With that, I'll turn it over to Jon Yoder.
Great, thanks, Brendan. As Brendan mentioned, the very strong deal volumes during the quarter led to a record amount of new originations. All of our new investment commitments were in senior secured loans as we continue to maintain our focus on lending to sectors that exhibit strong growth despite the macroeconomic headwinds that are being caused by the pandemic.
During the quarter, and excluding the names that we inherited as part of the MMLC merger, we made 22 new investment commitments, 13 of which were two new portfolio companies and nine to existing portfolio companies. This totaled $423 million. Meanwhile, net fundings of previously unfunded commitments were 9.1 million during the quarter.
Sales and repayment activity totaled 252.7 million driven by the full repayment of investments in six portfolio companies. We continue to expect strong deal activity going forward, though perhaps not quite at the same pace as what we saw in the fourth quarter.
Regarding portfolio composition, as of December 31, total investments in our portfolio were 3.243 billion at fair value, comprised of 96.5% in senior secured loans, including 78% in first lien, 4.4% in first lien last Last-Out Unitranche, 14.1% in second lien debt, as well as a negligible amount in unsecured debt, and 3.5% in preferred common stock and warrants.
We also had 242.9 million of unfunded commitments as of December 31, bringing total investments and commitments to 3.486 billion.
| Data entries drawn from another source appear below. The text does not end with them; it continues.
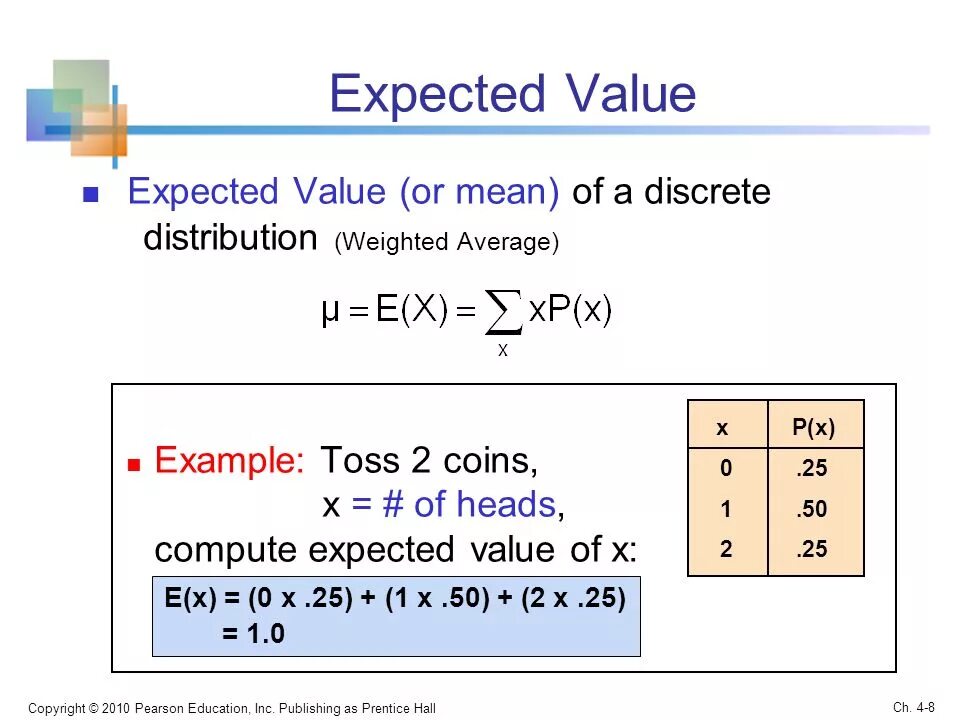 Variable expected. Discrete probability and variable. Expected value. Expected value Formula. Conditional expectation.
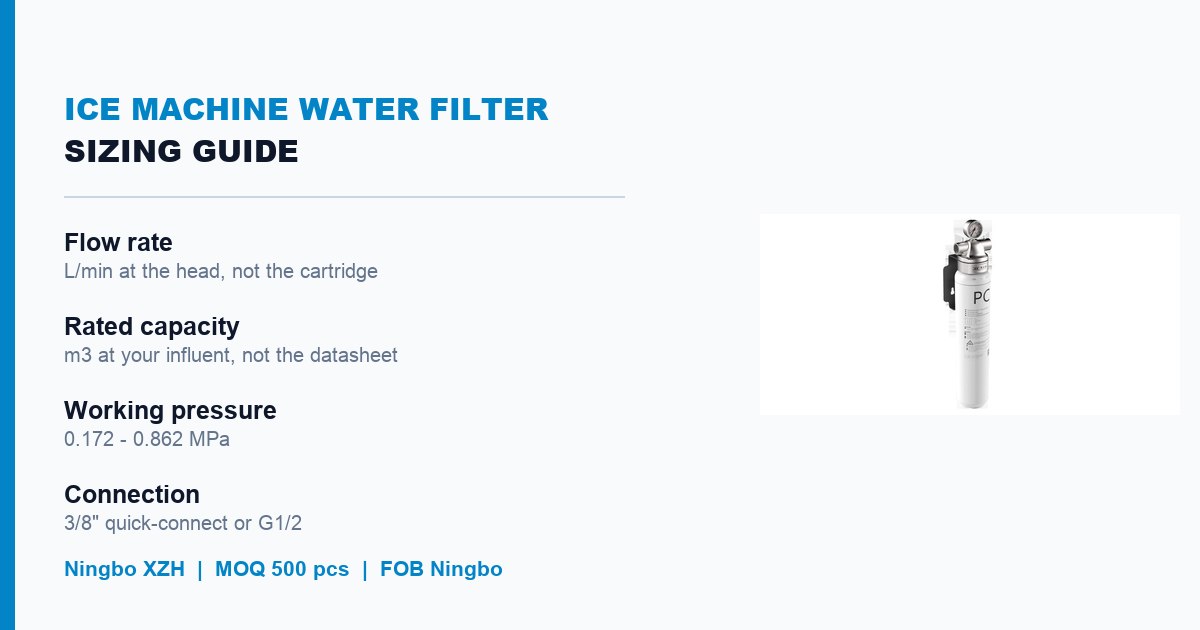 Ice Machine Water Filter Sizing Guide: Flow Rate, Capacity & OEM Solutions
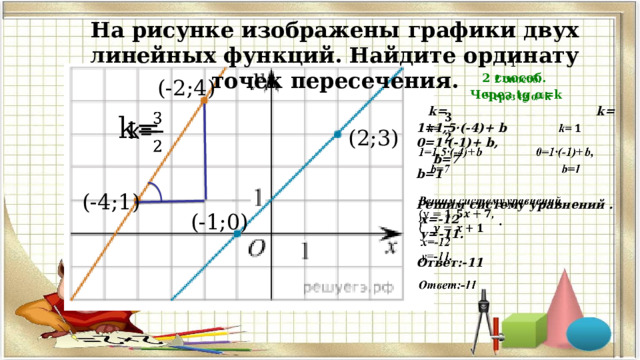 На рисунке изображены графики двух линейных функций. Найдите ординату точек пересечения. 1   2 способ. Через tg α=k  k= k= 1=1,5·(-4)+ b 0=1·(-1)+ b,  b=7 b=1 Решим систему уравнений .  х=-12  у=-11.  Ответ:-11 (-2;4) k=   (2;3) (-4;1) (-1;0)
As of quarter end, the company had 123 portfolio companies operating across 39 different industries. The weighted average yield of our investment portfolio at cost at the end of the fourth quarter was 8.4%, as compared to 7.7% at the end of the third quarter.
This increase as Brendan mentioned was largely driven by the higher yields on the assets that we obtained as part of the merger with MMLC. The weighted average yield on our total debt and income producing investments at cost also increased to 8.7% at the end of the fourth quarter from 8.3% at the end of the third quarter.
So turning to credit quality, the underlying performance of our portfolio companies overall were stable quarter-over-quarter. The weighted average net debt to EBITDA of the companies in our investment portfolio was six times at quarter end versus 5.7 times at the end of the third quarter. The weighted average interest coverage of the companies in the portfolio at quarter end was 2.6 times which was flat from the prior quarter. As of December 31, investments on nonaccrual status were just 0.3% and 0.7% of the total investment portfolio at fair value and amortized cost respectively.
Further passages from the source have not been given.